2026/02/26
土地を先に決めてしまうと後悔する理由

家づくりを考え始めたとき、多くの方が最初に動くのが「土地探し」です。
不動産サイトを見て、良さそうな土地を見つけ、「なくなる前に押さえないと」と契約へ進むケースも少なくありません。
しかし実は、土地を先に決めてしまったことで家づくりが難しくなったり、予算オーバーになったりするご相談は非常に多くあります。

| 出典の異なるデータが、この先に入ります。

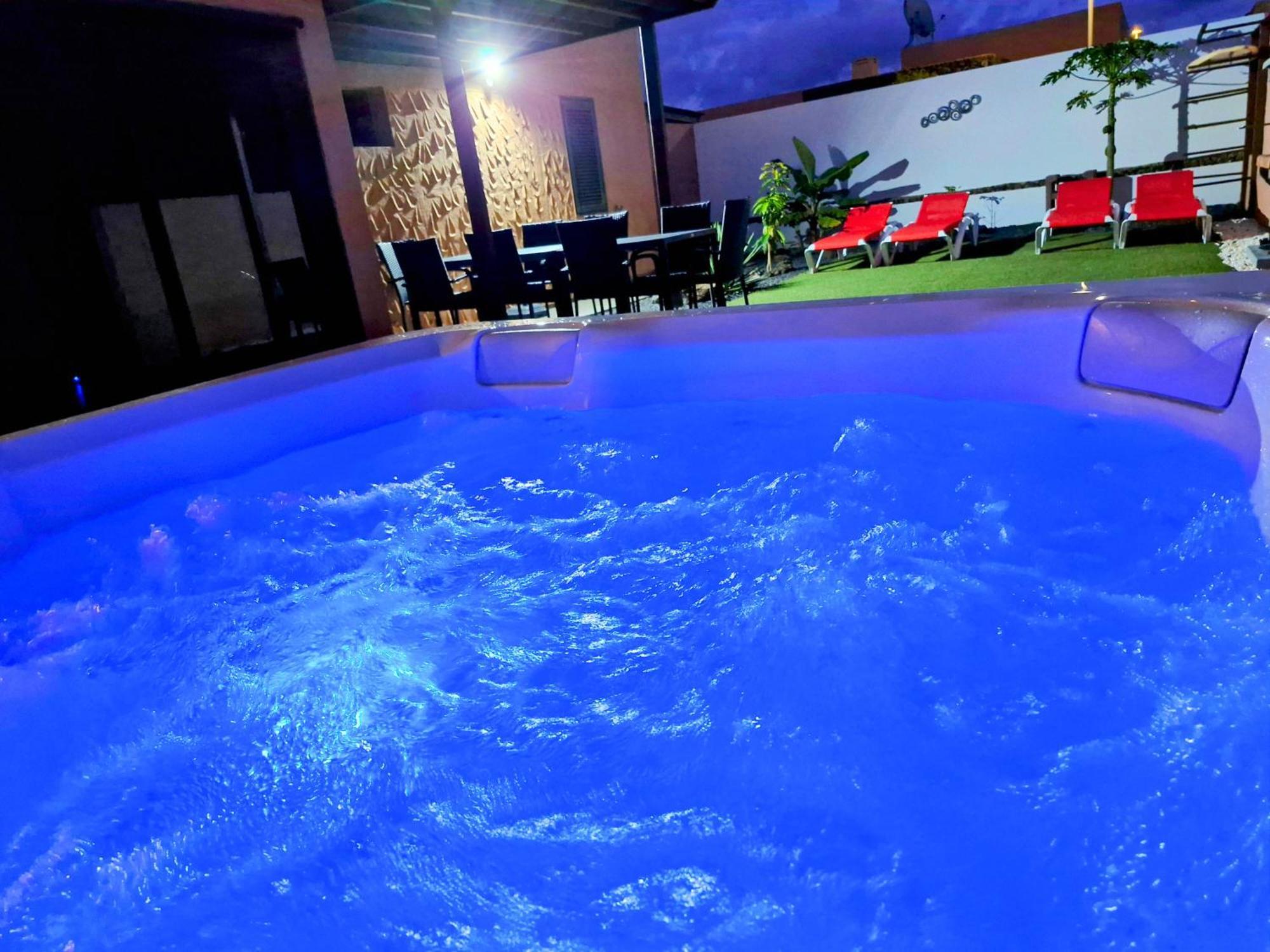 Sunrise Surf House, Big Garden, Hot Tub, Parking, Super-fast Free Wi-fi Сasa de vacaciones *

今回は、なぜ“土地先行”が後悔につながりやすいのかを整理してみます。
土地によって建てられる家は大きく変わる
同じ広さの土地でも、どんな家でも自由に建てられるわけではありません。
土地にはそれぞれ、
・建ぺい率、容積率
・高さ制限
・北側斜線や道路斜線
・用途地域
・前面道路の幅員
・隣地との高低差
など、建築上の条件があります。
例えば「30坪の土地」と聞くと十分に感じますが、駐車場を確保すると建物形状が制限され、希望していた間取りが入らないこともあります。
吹き抜けや平屋を希望していても、法規制や日当たり条件によって成立しない場合もあります。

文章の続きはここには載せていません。